Carrera: Six years ago, when we started the first Reducing Emissions from Deforestation and Forest Degradation (REDD) project, the opportunities were unclear, but now we are seeing strong potential. We launched the GuateCarbon project and set up eight mitigation and carbon sales initiatives. GuateCarbon began with a proposal to cover 1.2 million acres (500,000 ha) of forest in the Maya Biosphere Reserve, but after national discussions, we expanded the project area to cover 9.9 million acres (4 million ha), or 40% of the national territory. That project is in the final phase of development, and in a few months it could generate the first credits for international sale. With these new financial resources, the forest communities can build on their efforts to curb deforestation, diversify their production activities, and strengthen governance in the Maya Biosphere Reserve.
Q: How much potential do these areas have to generate carbon credits?
Carrera: According to estimates, 1.2 million acres (500,000 ha) in the Maya Biosphere Reserve alone could generate up to 34,000,000 tons of carbon credits.

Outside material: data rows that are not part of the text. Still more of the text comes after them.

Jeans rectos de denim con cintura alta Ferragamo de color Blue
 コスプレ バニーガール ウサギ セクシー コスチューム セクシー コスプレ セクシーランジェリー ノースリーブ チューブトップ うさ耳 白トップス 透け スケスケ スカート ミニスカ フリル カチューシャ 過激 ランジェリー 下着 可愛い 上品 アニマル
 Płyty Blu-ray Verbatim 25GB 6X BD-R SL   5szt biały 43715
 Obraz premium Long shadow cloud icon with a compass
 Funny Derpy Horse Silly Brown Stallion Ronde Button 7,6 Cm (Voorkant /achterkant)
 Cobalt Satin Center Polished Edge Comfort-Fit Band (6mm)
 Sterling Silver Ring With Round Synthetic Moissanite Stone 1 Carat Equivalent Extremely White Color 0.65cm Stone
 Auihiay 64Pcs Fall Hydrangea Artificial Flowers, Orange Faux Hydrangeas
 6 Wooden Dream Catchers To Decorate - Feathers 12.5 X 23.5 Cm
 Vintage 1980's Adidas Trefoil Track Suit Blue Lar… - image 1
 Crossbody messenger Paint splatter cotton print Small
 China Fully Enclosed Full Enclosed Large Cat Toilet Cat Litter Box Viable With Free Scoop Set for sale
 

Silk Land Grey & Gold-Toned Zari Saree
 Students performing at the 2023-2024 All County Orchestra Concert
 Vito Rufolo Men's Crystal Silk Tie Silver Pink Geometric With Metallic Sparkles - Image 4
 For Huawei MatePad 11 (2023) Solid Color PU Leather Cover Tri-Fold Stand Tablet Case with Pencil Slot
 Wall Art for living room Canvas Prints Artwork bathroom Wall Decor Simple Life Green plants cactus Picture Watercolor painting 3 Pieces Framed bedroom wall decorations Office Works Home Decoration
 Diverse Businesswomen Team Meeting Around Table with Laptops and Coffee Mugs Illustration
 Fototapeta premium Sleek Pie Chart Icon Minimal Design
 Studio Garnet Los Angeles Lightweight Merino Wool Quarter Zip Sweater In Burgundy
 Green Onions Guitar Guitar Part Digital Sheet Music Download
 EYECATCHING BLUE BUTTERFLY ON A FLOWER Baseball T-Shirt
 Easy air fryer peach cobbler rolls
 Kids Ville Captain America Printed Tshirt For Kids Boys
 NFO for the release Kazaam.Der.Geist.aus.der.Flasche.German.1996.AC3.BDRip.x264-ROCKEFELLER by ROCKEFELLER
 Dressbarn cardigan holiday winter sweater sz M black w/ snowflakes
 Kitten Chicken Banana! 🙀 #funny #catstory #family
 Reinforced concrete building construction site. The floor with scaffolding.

Q: Drug trafficking is a major challenge in Central America — has it affected the project?
Carrera: Guatemala and Honduras are the biggest drug corridors in the region, but there has been very little infiltration in the multiple use zone of the Maya Biosphere Reserve. The communities tell us that they don’t need to participate in illegal activities because they have jobs, incomes up to twice the national minimum wage, and housing, and their children have education and scholarships. We’ve found this to be the case in most of the project areas. With increased income, governance of the forest communities improves, and their commitment to their lands, government, and society grows. However, this is a significant challenge, and it can be risky to work in certain areas that suffer from drug trafficking.
Q: Malnutrition is another challenge — how is the project improving food security?
Carrera: We’re improving the capacity of SMEs to compete in the marketplace and establish sustainable businesses that generate sufficient, stable income for families to buy food. We aim to provide long-term solutions for malnutrition. For example, in the Western Highlands region, which is the most impoverished, 17 SMEs are developing cooperatives to sell their products, and they are already meeting the demand from major national markets. In Totonicapán, another area with high malnutrition, we established a sustainable forest management plan to increase forest cover and provide benefits from environmental service payments.
Q: What are the short-term goals for the project?
Carrera: In the next 2-3 years, we want to double the number of SMEs we’re working with to bring the total to 300. We expect to complete the first REDD pilot projects and replicate them throughout the region. We also want to provide access to financing for at least 50% of forest entrepreneurs in need. We hope to expand the number of sustainable goods and services that we offer in order to continue to increase local incomes. And of course, we want to increase the number of certified lands in the region — there are already 1.7 million acres (700,000 ha) of certified forests, but we can certify an additional 741,000 acres (300,000 ha). Today there is a correlation between poverty and forested areas, and we want to reverse this by helping forest communities maintain healthy ecosystems that provide sustainable economic opportunities and improved livelihoods.
Q: Can this project serve as a model for other regions rich in forest resources?
Carrera: I am convinced that our tools are globally applicable, provided that they are adapted to the realities of each specific region. South America faces the same environmental challenges, so we shouldn’t reinvent methodologies and strategies that have already been tested, but instead adapt and apply them in other regions around the world.